_GOAL OF THE EXERCISE:_ Without including any pictures, write out all the records word for word.

[Recorded data]
++++++++++++++++++++
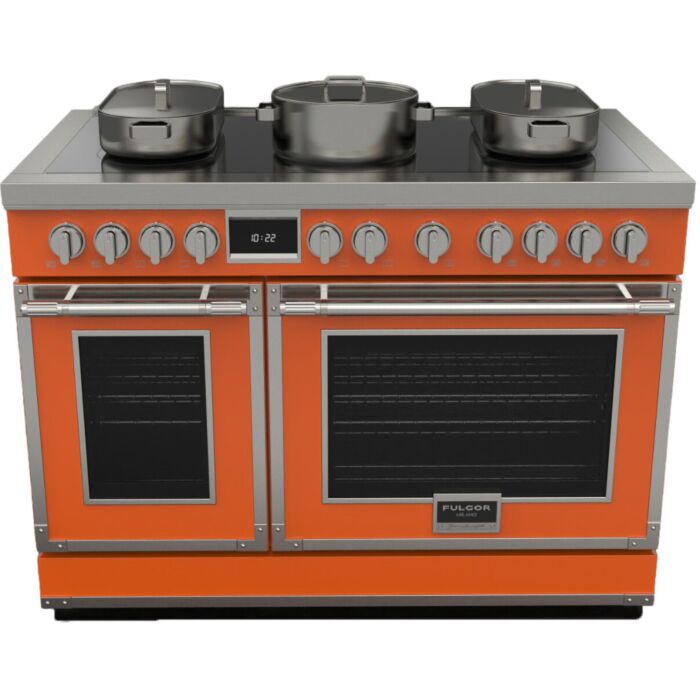 48 In. Induction Range Fulgor Milano F4EIR486CS1-RAL    6 Burners     Capacity 4.34 cubic feet  1400 + 600 W Watts  Width 48 inches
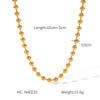 Women's Classic Heart Titanium Steel And Stainless Steel Necklace With Geometric Styling And Electroplating Ball Chain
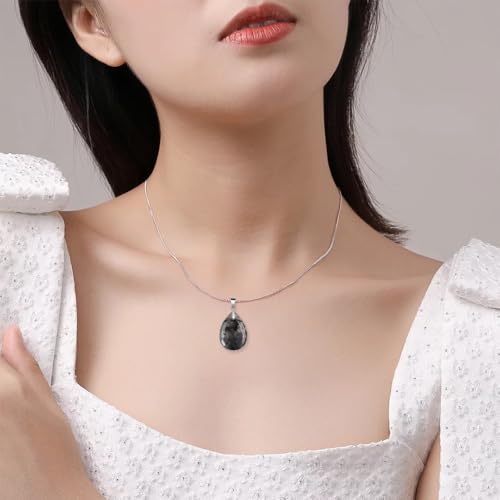 iSTONE 925 Sterling Silver Natural Crytral for Womens Pendant Necklace, Gemstone Birthstone with 17.8" Silver Chain Ladies - color: Black Spectrolite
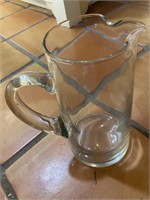 Glass pitcher, 10" tall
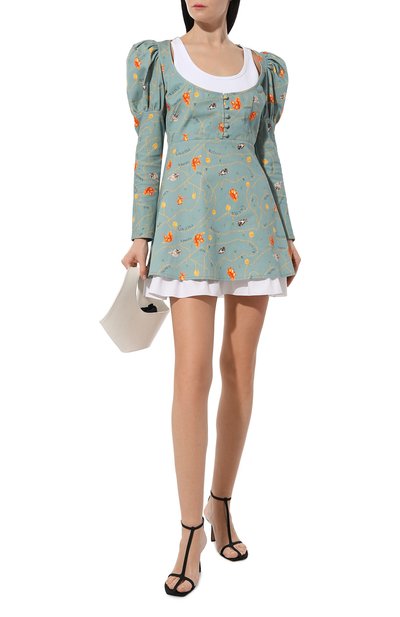 Хлопковое платье BOTROIS бирюзового цвета по цене 28900 руб., арт. SKU00033503, фото 2 Хлопковое платье BOTROIS, арт. SKU00033503, фото 2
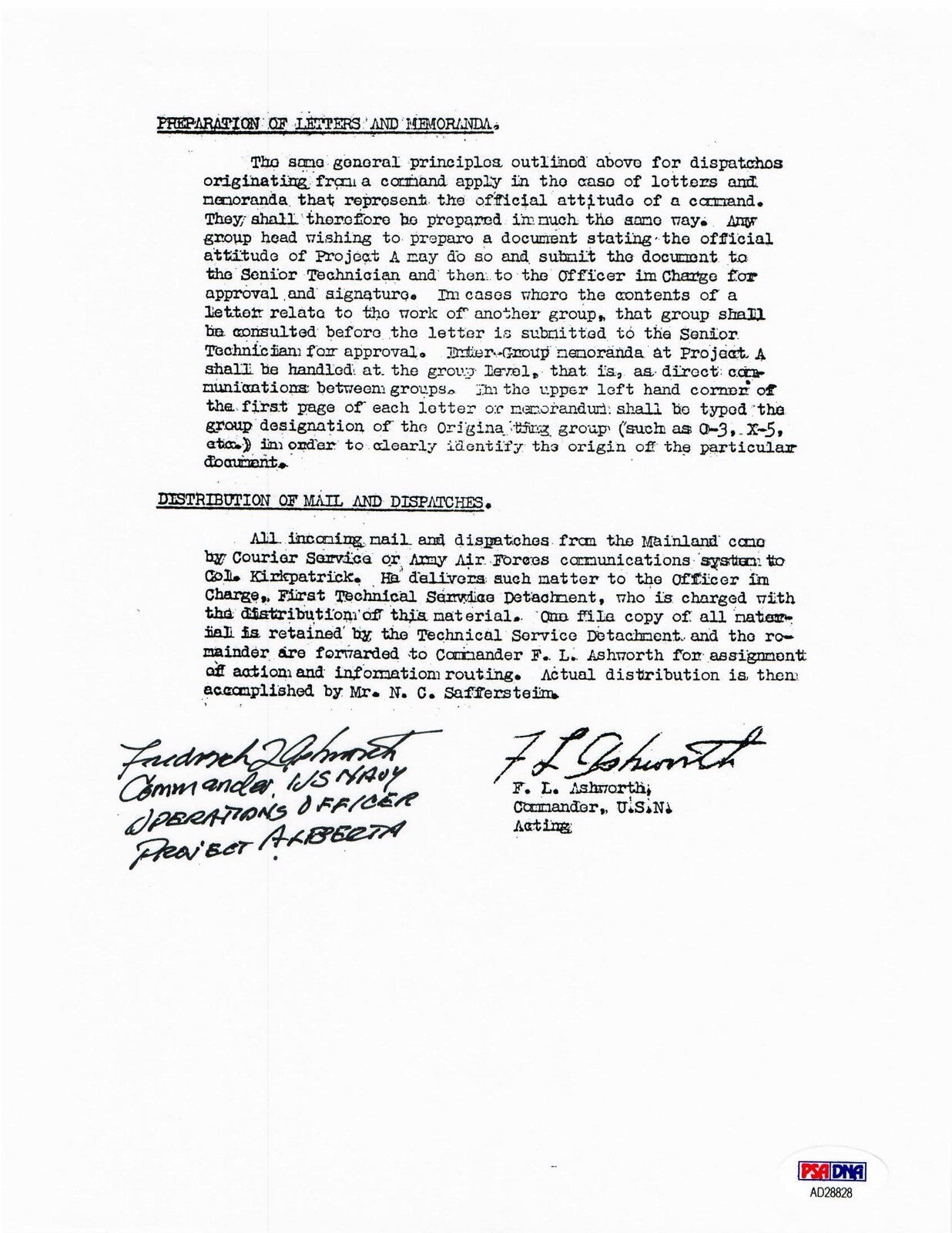 FREDERICK ASHWORTH SIGNED DOCUMENT PSA DNA AD28828 (D) WWII PROJECT ALBERTA0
++++++++++++++++++++
_SOLUTION BELOW:_
 48 In. Induction Range Fulgor Milano F4EIR486CS1-RAL    6 Burners     Capacity 4.34 cubic feet  1400 + 600 W Watts  Width 48 inches
 Women's Classic Heart Titanium Steel And Stainless Steel Necklace With Geometric Styling And Electroplating Ball Chain
 iSTONE 925 Sterling Silver Natural Crytral for Womens Pendant Necklace, Gemstone Birthstone with 17.8" Silver Chain Ladies - color: Black Spectrolite
 Glass pitcher, 10" tall
 Хлопковое платье BOTROIS бирюзового цвета по цене 28900 руб., арт. SKU00033503, фото 2 Хлопковое платье BOTROIS, арт. SKU00033503, фото 2
 FREDERICK ASHWORTH SIGNED DOCUMENT PSA DNA AD28828 (D) WWII PROJECT ALBERTA0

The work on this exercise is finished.